[GIVEN DATA — start]
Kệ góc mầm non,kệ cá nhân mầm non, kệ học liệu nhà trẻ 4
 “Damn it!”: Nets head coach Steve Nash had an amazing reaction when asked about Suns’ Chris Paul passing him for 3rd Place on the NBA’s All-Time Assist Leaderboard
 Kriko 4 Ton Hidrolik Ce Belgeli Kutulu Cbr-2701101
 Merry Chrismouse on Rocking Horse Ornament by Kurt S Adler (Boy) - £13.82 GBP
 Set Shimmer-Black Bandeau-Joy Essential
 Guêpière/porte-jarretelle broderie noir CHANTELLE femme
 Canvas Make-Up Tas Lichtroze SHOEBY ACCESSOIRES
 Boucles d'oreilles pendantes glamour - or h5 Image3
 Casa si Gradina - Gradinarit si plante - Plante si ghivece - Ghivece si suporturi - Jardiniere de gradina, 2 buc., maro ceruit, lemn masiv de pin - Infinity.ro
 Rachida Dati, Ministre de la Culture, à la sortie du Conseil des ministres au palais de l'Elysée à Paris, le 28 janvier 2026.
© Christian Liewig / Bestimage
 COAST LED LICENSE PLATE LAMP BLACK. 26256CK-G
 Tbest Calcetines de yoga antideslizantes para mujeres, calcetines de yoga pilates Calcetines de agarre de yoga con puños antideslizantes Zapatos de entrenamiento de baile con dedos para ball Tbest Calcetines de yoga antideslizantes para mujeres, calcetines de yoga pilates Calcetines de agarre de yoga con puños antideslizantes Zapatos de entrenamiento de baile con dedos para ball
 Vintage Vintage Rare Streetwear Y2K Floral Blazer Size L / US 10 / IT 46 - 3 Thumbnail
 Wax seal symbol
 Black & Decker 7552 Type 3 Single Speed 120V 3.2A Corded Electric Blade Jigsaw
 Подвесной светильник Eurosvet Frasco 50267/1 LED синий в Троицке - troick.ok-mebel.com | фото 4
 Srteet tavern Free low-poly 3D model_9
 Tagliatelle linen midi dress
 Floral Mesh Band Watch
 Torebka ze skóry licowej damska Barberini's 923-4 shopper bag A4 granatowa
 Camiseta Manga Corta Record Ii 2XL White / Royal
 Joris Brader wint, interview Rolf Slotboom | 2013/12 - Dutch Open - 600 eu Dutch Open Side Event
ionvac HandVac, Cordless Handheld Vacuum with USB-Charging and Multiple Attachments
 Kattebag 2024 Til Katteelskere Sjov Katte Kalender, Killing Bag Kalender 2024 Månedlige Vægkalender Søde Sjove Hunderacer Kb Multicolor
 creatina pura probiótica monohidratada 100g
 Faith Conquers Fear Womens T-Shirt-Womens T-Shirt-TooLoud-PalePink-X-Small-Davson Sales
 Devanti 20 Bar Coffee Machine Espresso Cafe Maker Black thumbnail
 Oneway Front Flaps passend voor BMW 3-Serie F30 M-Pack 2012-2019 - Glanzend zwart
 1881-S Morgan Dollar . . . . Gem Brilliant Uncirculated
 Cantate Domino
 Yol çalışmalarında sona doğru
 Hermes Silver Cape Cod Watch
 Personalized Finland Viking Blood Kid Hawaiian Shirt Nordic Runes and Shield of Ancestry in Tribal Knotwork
[GIVEN DATA — finish]
▶ **WORK REQUEST**: Go through the data and show every line where "Watch" occurs.

▶ **FINAL ANSWER**:
 Floral Mesh Band Watch
 Hermes Silver Cape Cod Watch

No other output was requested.